Asa is also the kind of kid who obsesses about one single thing and cannot be distracted or deterred. He will ask no matter how many times you say no. He wears gloves at all times, keeps a sketch pad with him always, and asks for chocolate at least once per hour.  Gloves. Sketching. Chocolate. On repeat. All day. Literally from the moment he wakes up to the moment he falls asleep. More than once he’s woken up in the middle of the night asking for his gloves or chocolate. That’s why Asa has to go to school. 

Moira is very much NOT that kid. Moira has loved school since the day we dropped her off at age 20 months. She almost never asks to stay home. She runs to the car in the morning. 
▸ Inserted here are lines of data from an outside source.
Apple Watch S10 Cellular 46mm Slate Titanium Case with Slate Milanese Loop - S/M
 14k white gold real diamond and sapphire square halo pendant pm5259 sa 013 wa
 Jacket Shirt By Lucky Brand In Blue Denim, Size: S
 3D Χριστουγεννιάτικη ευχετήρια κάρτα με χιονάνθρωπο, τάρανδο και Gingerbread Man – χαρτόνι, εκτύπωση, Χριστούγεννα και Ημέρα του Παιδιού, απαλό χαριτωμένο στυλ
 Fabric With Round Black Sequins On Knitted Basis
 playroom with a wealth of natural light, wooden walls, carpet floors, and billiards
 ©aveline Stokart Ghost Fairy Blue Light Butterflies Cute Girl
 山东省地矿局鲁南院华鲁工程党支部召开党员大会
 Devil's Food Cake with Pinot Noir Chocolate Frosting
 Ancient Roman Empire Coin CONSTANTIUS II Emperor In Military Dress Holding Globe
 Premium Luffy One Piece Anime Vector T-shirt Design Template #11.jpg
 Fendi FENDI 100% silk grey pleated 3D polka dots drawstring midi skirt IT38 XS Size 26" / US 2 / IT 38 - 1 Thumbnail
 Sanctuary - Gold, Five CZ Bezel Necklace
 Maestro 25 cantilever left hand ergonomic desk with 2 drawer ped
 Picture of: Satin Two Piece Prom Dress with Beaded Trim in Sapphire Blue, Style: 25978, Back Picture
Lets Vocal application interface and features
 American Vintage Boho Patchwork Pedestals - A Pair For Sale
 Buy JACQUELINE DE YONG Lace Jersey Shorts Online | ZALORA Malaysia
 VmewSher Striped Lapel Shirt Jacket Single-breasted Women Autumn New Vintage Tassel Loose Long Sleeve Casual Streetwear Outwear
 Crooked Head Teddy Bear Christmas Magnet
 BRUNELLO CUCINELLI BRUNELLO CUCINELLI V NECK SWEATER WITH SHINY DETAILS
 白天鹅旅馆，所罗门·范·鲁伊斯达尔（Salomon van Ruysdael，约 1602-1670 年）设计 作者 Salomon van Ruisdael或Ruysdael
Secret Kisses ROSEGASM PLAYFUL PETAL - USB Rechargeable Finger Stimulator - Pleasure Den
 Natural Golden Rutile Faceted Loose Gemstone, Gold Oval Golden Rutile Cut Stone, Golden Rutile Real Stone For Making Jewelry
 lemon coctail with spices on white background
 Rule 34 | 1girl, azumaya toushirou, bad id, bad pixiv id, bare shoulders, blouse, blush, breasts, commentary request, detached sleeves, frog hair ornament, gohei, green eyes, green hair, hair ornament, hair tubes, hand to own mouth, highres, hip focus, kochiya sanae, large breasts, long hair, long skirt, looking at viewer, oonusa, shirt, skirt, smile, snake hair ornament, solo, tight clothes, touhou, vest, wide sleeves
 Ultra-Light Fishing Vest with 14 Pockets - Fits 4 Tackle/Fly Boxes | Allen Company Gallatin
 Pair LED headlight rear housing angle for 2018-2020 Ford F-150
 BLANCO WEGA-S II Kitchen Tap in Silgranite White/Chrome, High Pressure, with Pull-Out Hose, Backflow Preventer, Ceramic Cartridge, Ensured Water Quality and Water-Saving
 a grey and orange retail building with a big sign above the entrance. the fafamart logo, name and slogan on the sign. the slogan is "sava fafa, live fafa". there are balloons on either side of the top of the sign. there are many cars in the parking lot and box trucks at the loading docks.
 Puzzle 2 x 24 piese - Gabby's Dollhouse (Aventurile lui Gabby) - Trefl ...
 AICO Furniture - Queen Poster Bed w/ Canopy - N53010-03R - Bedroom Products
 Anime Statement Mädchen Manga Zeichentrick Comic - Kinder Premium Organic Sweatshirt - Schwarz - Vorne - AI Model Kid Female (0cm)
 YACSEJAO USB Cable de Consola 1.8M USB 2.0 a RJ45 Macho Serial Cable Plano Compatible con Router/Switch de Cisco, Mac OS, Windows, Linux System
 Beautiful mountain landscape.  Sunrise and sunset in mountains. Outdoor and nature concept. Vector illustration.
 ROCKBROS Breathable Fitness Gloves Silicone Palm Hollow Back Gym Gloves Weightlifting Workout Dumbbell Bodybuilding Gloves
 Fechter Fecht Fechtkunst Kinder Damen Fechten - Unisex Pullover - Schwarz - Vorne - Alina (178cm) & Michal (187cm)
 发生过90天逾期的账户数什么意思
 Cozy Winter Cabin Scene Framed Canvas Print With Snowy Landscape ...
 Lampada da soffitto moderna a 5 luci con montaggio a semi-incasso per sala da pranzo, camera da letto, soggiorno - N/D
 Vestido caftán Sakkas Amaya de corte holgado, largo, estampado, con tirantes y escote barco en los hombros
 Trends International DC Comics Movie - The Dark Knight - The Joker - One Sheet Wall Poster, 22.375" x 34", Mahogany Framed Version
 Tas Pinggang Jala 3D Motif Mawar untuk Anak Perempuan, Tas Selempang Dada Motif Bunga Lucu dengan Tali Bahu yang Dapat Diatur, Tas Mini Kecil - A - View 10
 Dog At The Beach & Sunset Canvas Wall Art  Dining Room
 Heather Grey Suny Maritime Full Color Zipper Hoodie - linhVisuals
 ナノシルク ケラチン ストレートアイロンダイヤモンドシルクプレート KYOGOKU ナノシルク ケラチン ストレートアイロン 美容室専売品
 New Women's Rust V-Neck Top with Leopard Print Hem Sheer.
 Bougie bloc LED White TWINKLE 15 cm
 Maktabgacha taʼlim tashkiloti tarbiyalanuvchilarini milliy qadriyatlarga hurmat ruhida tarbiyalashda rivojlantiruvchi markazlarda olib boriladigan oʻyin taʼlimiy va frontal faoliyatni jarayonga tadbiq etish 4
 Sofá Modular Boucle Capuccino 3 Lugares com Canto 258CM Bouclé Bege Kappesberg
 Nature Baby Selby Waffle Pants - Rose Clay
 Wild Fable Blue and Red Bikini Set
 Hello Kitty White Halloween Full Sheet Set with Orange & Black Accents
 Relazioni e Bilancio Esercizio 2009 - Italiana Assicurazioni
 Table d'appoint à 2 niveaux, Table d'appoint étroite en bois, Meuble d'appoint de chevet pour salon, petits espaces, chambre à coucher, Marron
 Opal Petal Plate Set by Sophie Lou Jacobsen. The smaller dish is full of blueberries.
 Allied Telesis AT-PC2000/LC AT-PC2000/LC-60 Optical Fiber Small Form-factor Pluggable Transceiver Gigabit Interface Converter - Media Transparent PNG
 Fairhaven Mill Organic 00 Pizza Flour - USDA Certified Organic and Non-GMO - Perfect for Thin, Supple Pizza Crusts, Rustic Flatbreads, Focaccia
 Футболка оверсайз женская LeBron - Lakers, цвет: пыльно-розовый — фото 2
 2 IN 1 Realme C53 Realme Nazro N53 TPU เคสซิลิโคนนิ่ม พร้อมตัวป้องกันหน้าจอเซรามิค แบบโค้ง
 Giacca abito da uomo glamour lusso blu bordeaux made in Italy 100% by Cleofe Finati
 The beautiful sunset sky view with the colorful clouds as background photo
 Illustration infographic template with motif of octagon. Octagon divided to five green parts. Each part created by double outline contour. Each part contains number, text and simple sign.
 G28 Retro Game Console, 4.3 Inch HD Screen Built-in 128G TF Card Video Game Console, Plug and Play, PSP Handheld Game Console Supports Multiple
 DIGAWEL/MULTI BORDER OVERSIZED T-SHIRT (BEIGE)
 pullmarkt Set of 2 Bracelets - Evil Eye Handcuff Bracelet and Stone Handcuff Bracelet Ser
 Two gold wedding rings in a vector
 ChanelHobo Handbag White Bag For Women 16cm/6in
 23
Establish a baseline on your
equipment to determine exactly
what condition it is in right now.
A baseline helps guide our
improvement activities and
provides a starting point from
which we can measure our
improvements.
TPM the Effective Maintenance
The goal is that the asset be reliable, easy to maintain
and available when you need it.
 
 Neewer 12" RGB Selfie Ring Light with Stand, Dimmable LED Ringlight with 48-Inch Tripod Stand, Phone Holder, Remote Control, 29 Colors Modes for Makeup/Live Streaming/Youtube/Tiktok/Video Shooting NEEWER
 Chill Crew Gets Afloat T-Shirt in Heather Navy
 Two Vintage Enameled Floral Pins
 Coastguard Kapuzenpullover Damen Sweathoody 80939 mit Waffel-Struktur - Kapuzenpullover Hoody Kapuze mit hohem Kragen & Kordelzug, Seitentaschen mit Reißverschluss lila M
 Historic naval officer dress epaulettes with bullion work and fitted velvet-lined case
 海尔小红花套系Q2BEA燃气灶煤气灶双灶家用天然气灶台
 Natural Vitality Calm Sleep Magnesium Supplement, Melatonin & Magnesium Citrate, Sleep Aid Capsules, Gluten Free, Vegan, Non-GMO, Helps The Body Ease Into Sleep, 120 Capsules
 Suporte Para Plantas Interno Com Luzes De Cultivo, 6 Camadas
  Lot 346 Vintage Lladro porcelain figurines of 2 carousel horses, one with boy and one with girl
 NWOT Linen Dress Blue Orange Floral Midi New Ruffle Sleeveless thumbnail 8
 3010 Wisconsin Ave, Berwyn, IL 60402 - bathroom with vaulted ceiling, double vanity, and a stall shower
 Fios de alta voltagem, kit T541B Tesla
So I was skeptical that we would learn much from a campus visit. But letting Lewis take his time has never been a bad idea in our house. It usually leads to better decisions. 

We told the kids about their new school, and that they would be learning Spanish. (Beyond what they’ve gleaned from watching their favorite movies in Spanish.)

“Hola, familia!” shouted Moira, right away.

“Cho-co-late” said Asa, with Spanish pronunciation. 

So they’ll know how to get what they need…

We took them to the campus, and both were enraptured with the Spanish instruction. Moira was ready to explore the classrooms. She saw “Morado” on the color rug and asked if they had made her a spot already. I told her that meant “purple” and she said, “They even knew I like purple?!?”

The school assured us that language acquisition would come quickly at their age. Asa made a friend on the tour. Moira made friends with the tour guide. 

They were anxious to get back to St. Paul’s that day…but are generally very happy about the prospect of learning Spanish and sitting on a purple spot on the rug. 

So, that, my friends, is how the McNeel family chose a school, and all the things we learned along the way.